Die futuristischen Displays eines Fernsehers sind flache, ultradünne schwarze Scheiben. Und die sehen alle gleich aus. Als erstes fragte ich mich natürlich, was mache ich mit einer schwarzen Scheibe? Wie mache ich eine schwarze Glasscheibe sexy?

Als Produktdesigner, der sich hauptsächlich mit Einrichtungsgegenständen wie Geschirr, Lampen und Möbeln beschäftigt, bin ich fasziniert von handwerklichem Können und Materialität. Das war für mich natürlich eine spannende Herausforderung, plötzlich ein technisches Gerät zu entwerfen. Mir war wichtig, den TV wieder in den Mittelpunkt des Raumes zu bringen. Der Fernseher sollte wieder zum Objekt werden, das einen Raum, ein gesamtes Interior bereichert. Warmer Minimalismus, der sich eher an Skulpturen und Möbeln orientiert, als an den etwas langweiligen und seelenlosen Geräten vieler Hersteller.

Ihre eigene berufliche Historie?

Ich lebe seit über 15 Jahren in London. Dort habe ich am renommierten Camberwell College of Art Produktdesign studiert.

Ich designe für eine Vielzahl von Firmen gesamte Kollektionen. Meine Produktdesign-Agentur ist auf Interior Produkte und Markenberatung spezialisiert.

Der Sitz meines Studios ist am Londoner Kreativ-Hub ‚South Bank' an der Themse, mitten in Central London.

Ich bin ein großer Fan von ‚Hightech meets Lowtech' und finde es unheimlich spannend, altes Handwerk mit zeitgemäßen Herstellungsweisen zu kombinieren.

Qualität, Langlebigkeit und Zeitgeist sind Attribute, die bei meinen Produkten des Öfteren von der Presse attestiert werden. Meine Kunden sind hauptsächlich aus der Luxusbranche (wie z.B. LVHM Group, Swarovski, Mulberry, Tane, Nikko etc.), wo beste Materialien und Qualität noch ungeheuer wichtig sind.

Die Historie des Unternehmens Loewe?

Loewes Geschichte ist faszinierend. Die ist beinahe filmreif. Loewe wurde 1923 von den Brüdern Siegmund und David Ludwig Loewe gegründet. Und: Loewe hat das Fernsehen erfunden! Das wissen viele gar nicht. Auf der Funkausstellung in Berlin 1931 zeigte Loewe zum ersten Mal eine elektronische Fernsehübertragung. Die Technik dazu entstand mit dem genialen Erfinder, dem Physiker Manfred von Ardenne. Das war der damalige Chefingenieur von Loewe. Das Unternehmen hat auch den ersten tragbaren Fernseher entwickelt. ‚Loewe Art 1' wurde in den 1980er Jahren im Museum of Modern Art in New York ausgestellt. Was mich absolut begeistert: Alles ist bis heute noch handmade in Kronach!

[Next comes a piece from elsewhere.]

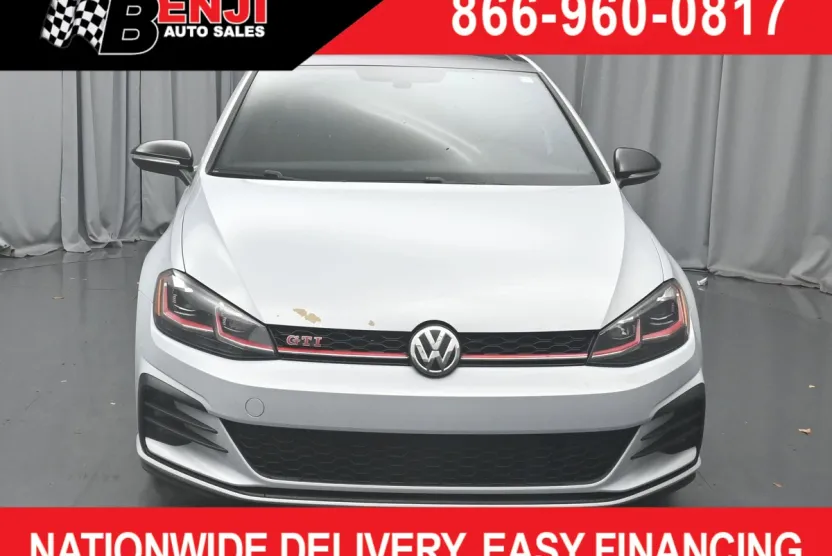 2021 Volkswagen Golf GTI SE photo 1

2. Wer sind Ihre zwei bevorzugten Fashion-Designer?

Hmm... Ich bin eigentlich kein großer Fashion Fan. Understatement, gute Qualität, wie z.B. bei Firmen wie John Smedley oder Uniqlo finde ich toll.

3. Wer sind ihre zwei Lieblings-Künstler(innen)?

Da gibt es einige. Ich mag die Arbeiten von Cornelia Ann Parker und Susan Hiller finde ich auch sehr spannend. Francis Bacon ist ein Künstler, der mich geprägt hat. Der amerikanische Minimalist Fred Sandbeck und seine Linienskulpturen. Kunst ist ein Spiegel der Gesellschaft und damit eine wichtige Inspiration.

 

Interview mit Mark Hüsges

1. Die Mattscheibe von Fernsehern ist im ausgeschalteten Zustand immer schwarz; ich finde das scheußlich. Hat Loewe als innovatives, designorientiertes Unternehmen hierfür etwa eine Lösung?

Kürzlich hatte jemand unsere neuen OLED-Fernseher als "Sex an der Wand" bezeichnet! Das ist doch mal ein Kompliment.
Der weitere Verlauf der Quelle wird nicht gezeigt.